Or so goes our loose legal interpretation of what happened to Kurt William Havelock, who sent letters to a handful of media organizations before the 2008 Super Bowl, threatening to “sacrifice your children upon the altar of your excess,” and then rolled up to the game in Glendale, Arizona, with a brand new assault rifle, plenty of ammo — and then ran home with cold feet. An appeals court just let him off the hook.
How come? Because telling companies “It will be swift and bloody” is not the same thing as telling people the same thing, explains Wired.
During the trial and on appeal, the 40-year-old, who was disgruntled that he was denied a liquor permit to open a bar, argued that he committed no crime at all. The 9th U.S. Circuit Court of Appeals agreed in a 2-1 decision. Under the threatening-letters statute, “the ‘person’ to whom the mail is addressed must be an individual person, not an institution or corporation,” wrote Judge William Canby, who was joined by Judge Betty Fletcher. Havelock’s communications were mailed to media outlets, not named individuals, the majority noted.
In dissent, Judge Susan Graber wrote, “The result of the majority’s interpretation is that the statute prohibits sending a threatening communication only if the outside of the envelope or package explicitly directs delivery to a natural person.”
Havelock sent the threatening letters addressed to the New York Times, Los Angeles Times, Phoenix New Times, The Associated Press and the websites theshizz.org and azpunk.com. “I will slay your children. I will shed the blood of the innocent,” he wrote. The law, the San Francisco-based appeals court wrote, “does indeed require that the mailed item containing the threat is addressed to an individual person, as reflected in the address on the mailed item. Because Havelock’s communications were not so addressed to individual persons, we reverse his convictions.”

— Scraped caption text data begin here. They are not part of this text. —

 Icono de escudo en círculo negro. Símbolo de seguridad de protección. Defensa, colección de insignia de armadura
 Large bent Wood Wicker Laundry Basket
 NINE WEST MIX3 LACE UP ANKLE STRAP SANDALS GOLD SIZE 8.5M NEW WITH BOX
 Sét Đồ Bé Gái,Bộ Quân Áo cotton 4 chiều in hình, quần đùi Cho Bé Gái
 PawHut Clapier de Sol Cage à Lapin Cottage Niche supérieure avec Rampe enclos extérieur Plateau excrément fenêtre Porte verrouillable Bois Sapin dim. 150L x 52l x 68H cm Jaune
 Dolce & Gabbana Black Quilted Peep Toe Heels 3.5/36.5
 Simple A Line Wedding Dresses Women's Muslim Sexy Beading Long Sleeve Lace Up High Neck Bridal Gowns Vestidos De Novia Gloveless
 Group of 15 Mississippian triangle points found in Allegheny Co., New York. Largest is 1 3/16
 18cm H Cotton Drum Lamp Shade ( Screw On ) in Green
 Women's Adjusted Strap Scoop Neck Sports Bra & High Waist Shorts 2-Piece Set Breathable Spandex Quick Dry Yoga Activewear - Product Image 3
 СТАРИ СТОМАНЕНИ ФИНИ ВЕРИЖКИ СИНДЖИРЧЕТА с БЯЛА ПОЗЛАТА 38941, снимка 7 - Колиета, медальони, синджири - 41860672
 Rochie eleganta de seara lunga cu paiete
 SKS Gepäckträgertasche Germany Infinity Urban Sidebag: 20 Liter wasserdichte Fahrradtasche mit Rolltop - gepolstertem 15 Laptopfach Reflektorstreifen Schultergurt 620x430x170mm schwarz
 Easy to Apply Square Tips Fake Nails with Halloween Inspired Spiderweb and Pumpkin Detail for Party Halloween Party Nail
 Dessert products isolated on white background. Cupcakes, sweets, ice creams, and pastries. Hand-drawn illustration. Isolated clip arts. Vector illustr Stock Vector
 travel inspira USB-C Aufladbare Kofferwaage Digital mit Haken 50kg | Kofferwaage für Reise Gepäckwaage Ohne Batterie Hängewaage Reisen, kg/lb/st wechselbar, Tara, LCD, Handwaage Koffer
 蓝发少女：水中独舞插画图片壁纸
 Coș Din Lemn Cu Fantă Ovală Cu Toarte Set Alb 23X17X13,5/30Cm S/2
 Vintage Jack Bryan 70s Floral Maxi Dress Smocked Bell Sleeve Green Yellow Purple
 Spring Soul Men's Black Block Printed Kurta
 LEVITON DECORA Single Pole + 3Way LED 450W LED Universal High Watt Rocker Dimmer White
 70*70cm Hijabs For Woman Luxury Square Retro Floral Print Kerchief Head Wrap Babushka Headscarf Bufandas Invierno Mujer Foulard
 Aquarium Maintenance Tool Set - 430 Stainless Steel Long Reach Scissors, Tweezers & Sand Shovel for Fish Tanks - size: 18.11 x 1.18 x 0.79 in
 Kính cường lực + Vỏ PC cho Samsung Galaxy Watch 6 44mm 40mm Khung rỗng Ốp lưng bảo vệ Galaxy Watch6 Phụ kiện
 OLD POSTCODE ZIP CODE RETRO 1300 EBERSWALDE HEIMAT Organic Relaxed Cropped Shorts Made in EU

Now please don’t take our legal advice and start shooting off threatening letters to companies you hate (AutoZone, Comcast, Delta, the food cart on the corner that is always out of that spicy jalapeno herb sauce), but if you happened to already address a package to your local Target over the company’s support of an anti-gay political candidate, you can rest easy. So long as you didn’t actually put CEO Gregg Steinhafel’s name on it.